Data section:
═══

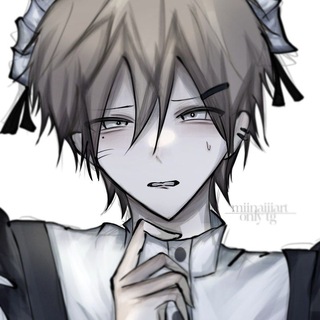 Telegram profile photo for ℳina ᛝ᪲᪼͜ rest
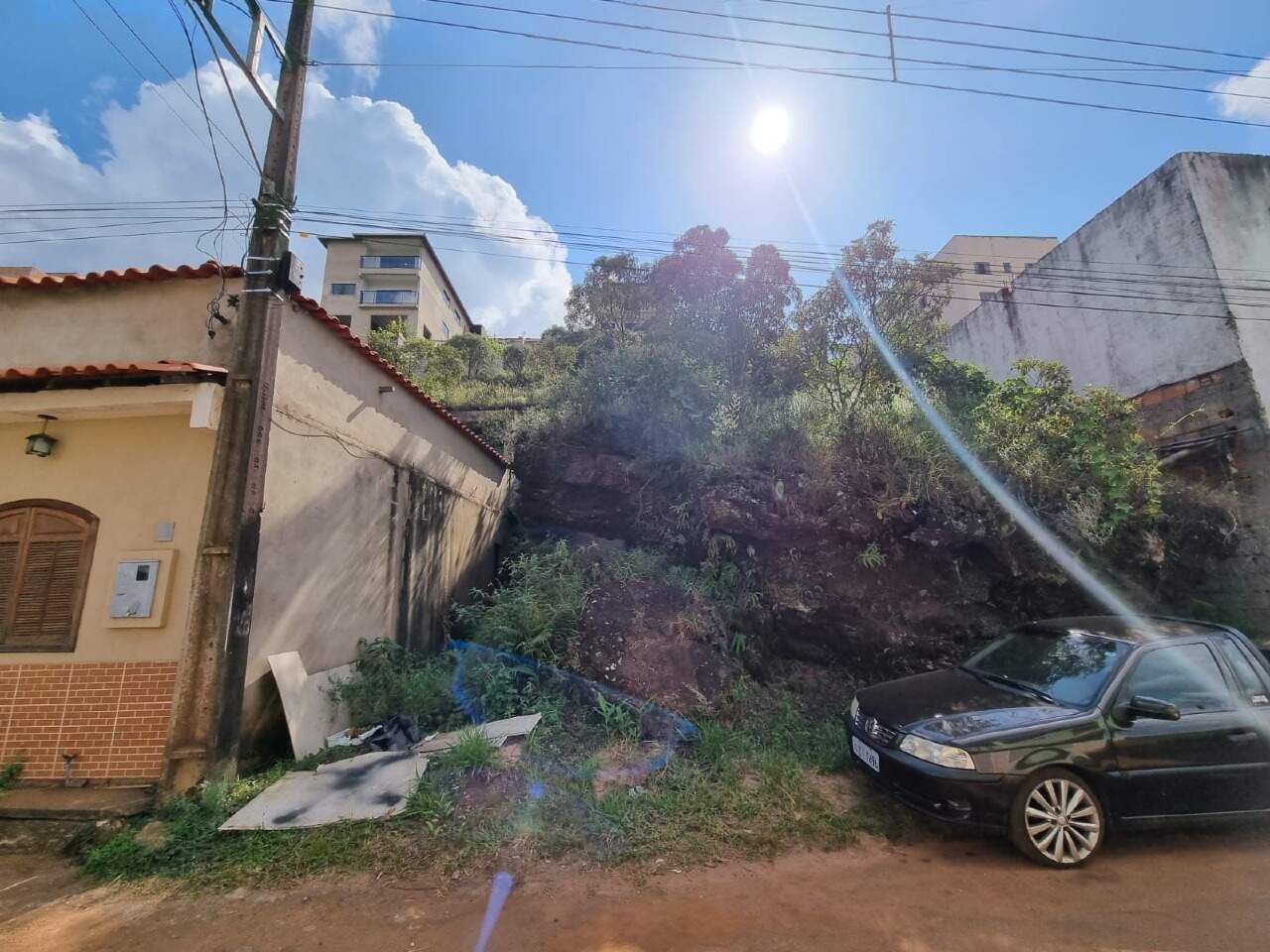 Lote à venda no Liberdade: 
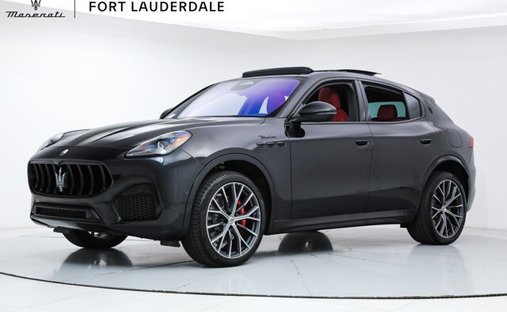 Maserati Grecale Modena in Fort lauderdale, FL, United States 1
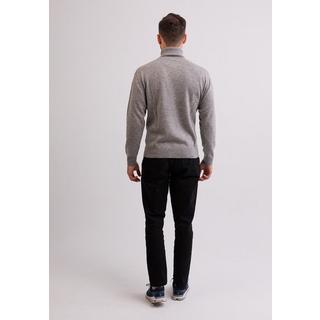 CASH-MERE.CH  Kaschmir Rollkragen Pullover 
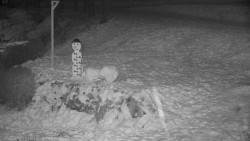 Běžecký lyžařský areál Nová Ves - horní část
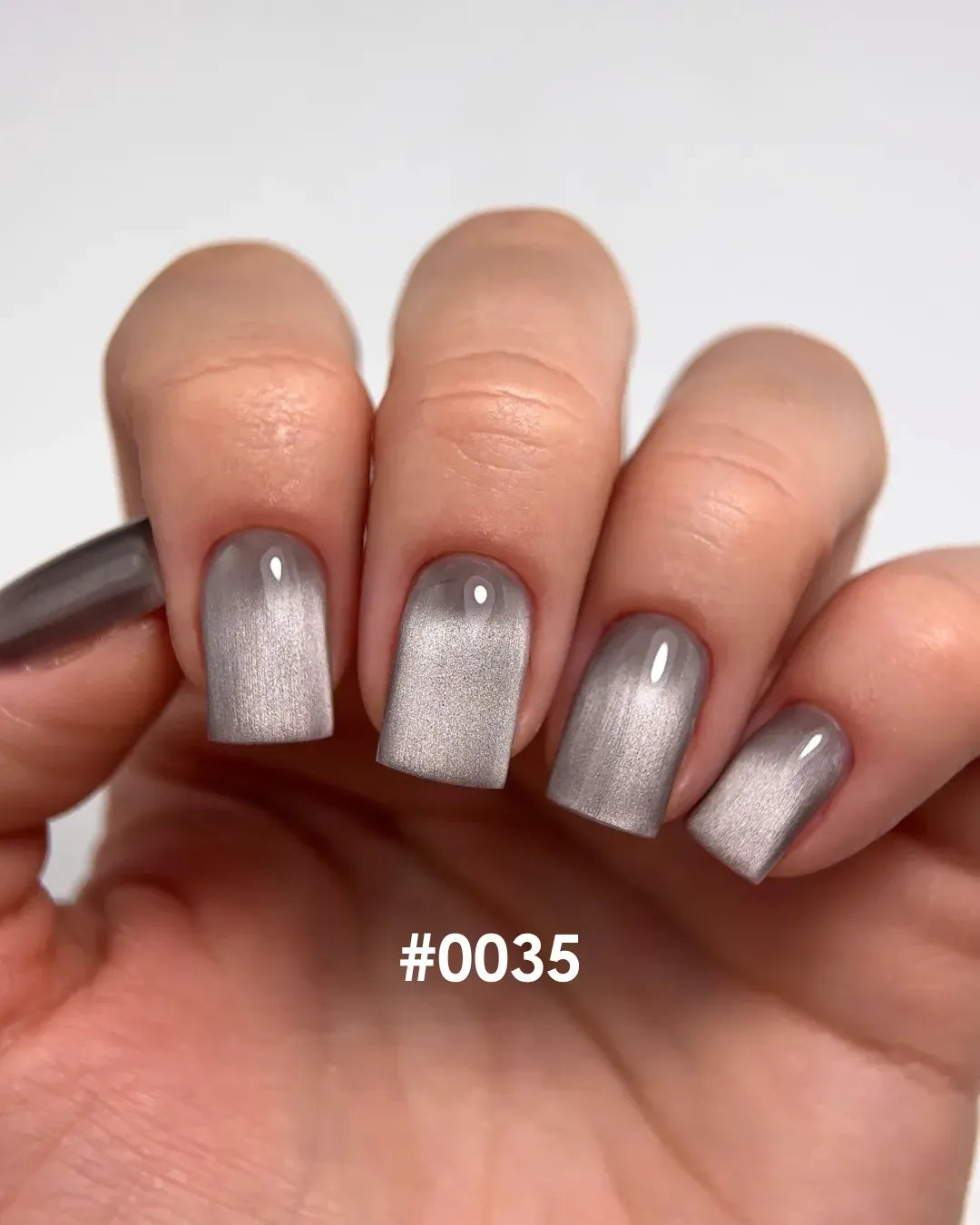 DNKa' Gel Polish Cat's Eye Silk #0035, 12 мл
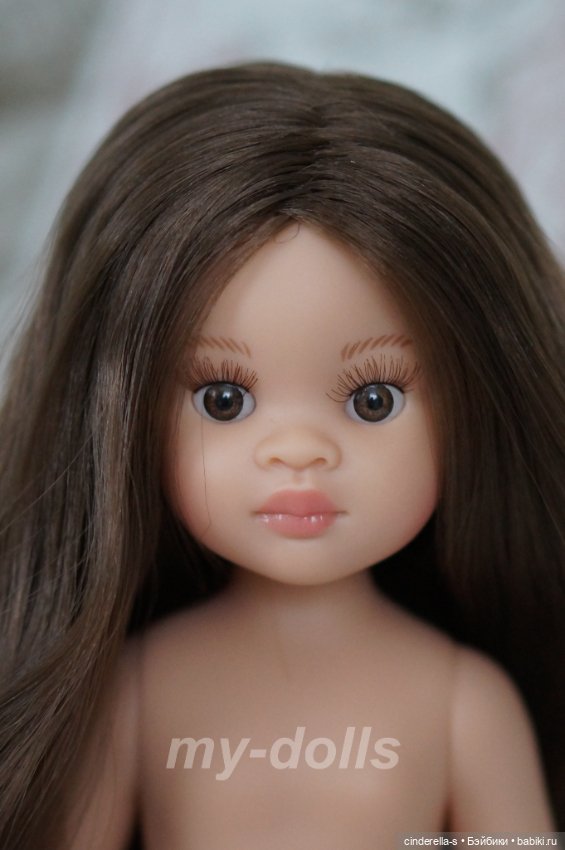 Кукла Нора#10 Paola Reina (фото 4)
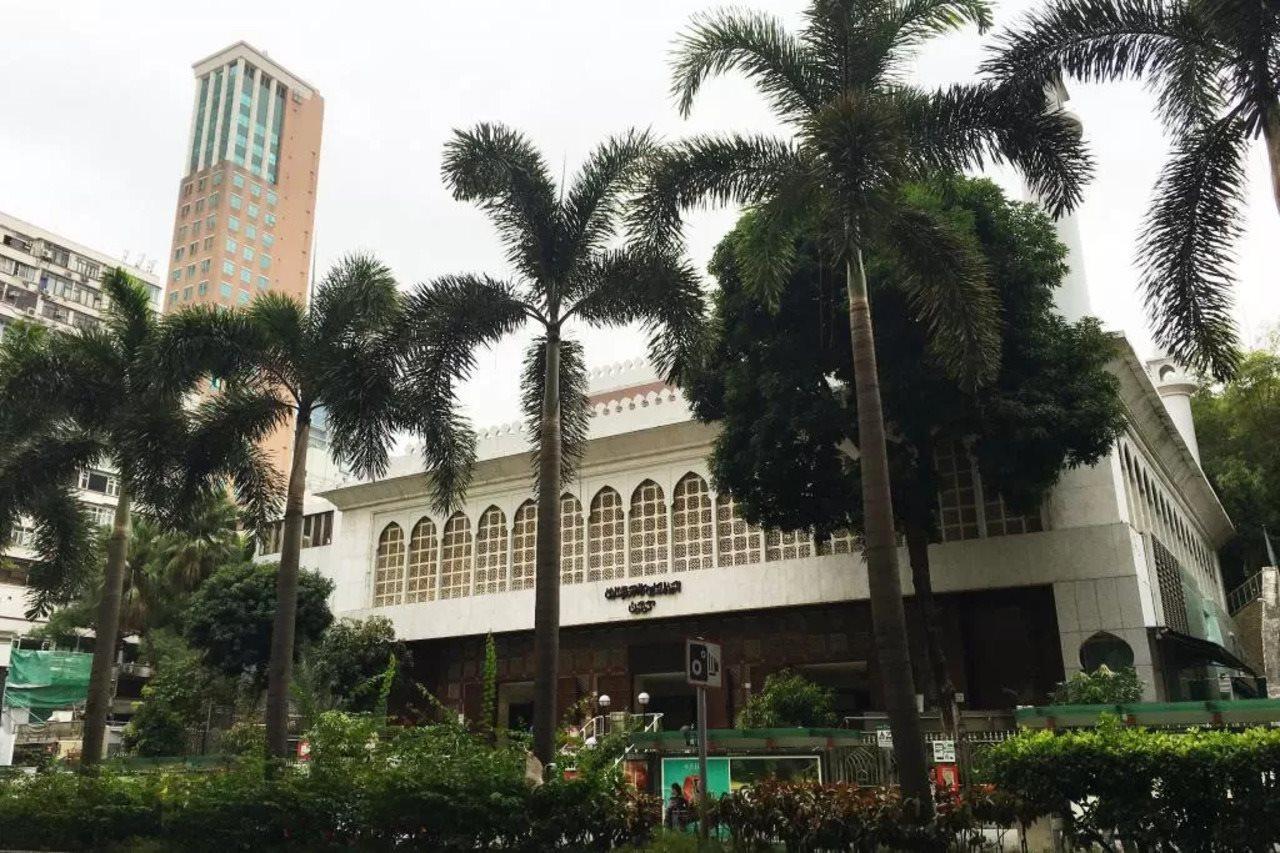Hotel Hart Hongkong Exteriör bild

═══

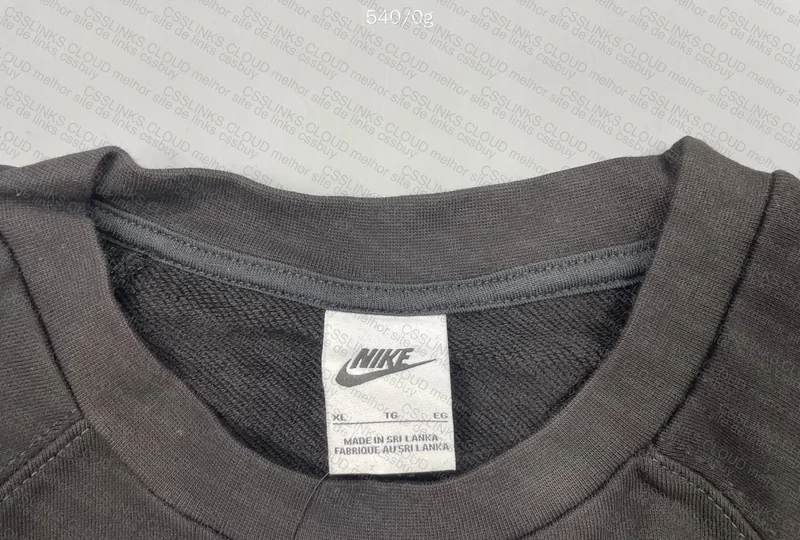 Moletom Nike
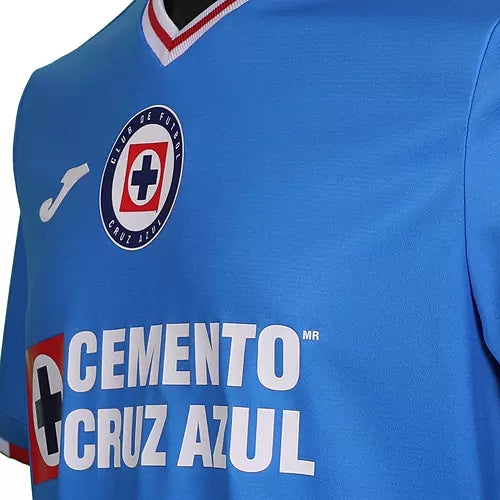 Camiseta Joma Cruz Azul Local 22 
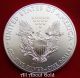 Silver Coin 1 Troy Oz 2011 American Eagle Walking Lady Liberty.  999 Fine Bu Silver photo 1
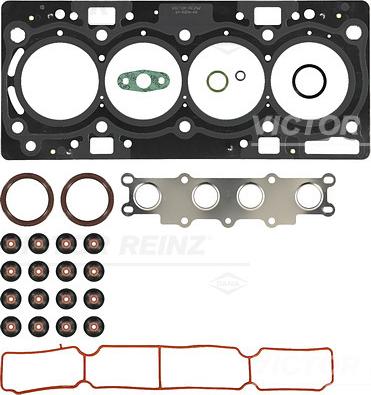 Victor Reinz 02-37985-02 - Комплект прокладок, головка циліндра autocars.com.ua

═══

Problem to work on:
Using the data above, set down each line from the line with "Telegram profile photo for ℳina ᛝ᪲᪼͜ rest" to the line with "Hotel Hart Hongkong Exteriör bild" exactly, both ends included, and leave the pictures behind. Nothing else belongs.

Response area:
 Telegram profile photo for ℳina ᛝ᪲᪼͜ rest
 Lote à venda no Liberdade: 
 Maserati Grecale Modena in Fort lauderdale, FL, United States 1
 CASH-MERE.CH  Kaschmir Rollkragen Pullover 
 Běžecký lyžařský areál Nová Ves - horní část
 DNKa' Gel Polish Cat's Eye Silk #0035, 12 мл
 Кукла Нора#10 Paola Reina (фото 4)
Hotel Hart Hongkong Exteriör bild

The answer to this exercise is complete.